• _Data provided_:

=== Begin Enclosure ===

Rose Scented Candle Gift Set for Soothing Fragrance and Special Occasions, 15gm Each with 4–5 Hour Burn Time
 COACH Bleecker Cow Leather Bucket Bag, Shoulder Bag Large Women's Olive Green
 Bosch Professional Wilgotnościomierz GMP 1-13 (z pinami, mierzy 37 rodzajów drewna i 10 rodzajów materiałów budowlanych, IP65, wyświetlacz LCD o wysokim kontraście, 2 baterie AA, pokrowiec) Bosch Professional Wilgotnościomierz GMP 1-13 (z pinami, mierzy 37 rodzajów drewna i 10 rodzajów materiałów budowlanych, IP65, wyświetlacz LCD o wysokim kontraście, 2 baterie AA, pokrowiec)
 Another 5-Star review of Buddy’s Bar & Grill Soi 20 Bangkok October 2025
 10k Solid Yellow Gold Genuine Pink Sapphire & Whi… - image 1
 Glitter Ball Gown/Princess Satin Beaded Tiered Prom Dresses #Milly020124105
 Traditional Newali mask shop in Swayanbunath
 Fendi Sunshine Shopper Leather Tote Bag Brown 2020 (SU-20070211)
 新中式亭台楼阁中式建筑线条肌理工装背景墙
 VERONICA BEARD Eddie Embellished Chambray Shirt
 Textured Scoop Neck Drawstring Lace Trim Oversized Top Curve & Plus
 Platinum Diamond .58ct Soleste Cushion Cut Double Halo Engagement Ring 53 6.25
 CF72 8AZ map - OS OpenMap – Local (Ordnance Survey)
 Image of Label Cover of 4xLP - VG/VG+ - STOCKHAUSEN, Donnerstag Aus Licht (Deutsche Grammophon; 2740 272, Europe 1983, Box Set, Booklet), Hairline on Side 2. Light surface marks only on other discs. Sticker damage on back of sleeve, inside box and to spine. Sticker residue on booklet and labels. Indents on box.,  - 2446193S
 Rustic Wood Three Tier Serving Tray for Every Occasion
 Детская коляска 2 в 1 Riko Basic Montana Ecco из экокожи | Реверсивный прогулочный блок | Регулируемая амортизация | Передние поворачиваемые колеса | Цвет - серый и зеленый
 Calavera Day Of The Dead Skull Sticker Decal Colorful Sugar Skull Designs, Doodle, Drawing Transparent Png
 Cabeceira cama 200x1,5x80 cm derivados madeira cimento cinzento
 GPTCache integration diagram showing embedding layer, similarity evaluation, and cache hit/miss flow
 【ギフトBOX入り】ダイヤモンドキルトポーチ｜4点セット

=== End Enclosure ===

Copy each line of the listing that carries the string "Leather".

 COACH Bleecker Cow Leather Bucket Bag, Shoulder Bag Large Women's Olive Green
 Fendi Sunshine Shopper Leather Tote Bag Brown 2020 (SU-20070211)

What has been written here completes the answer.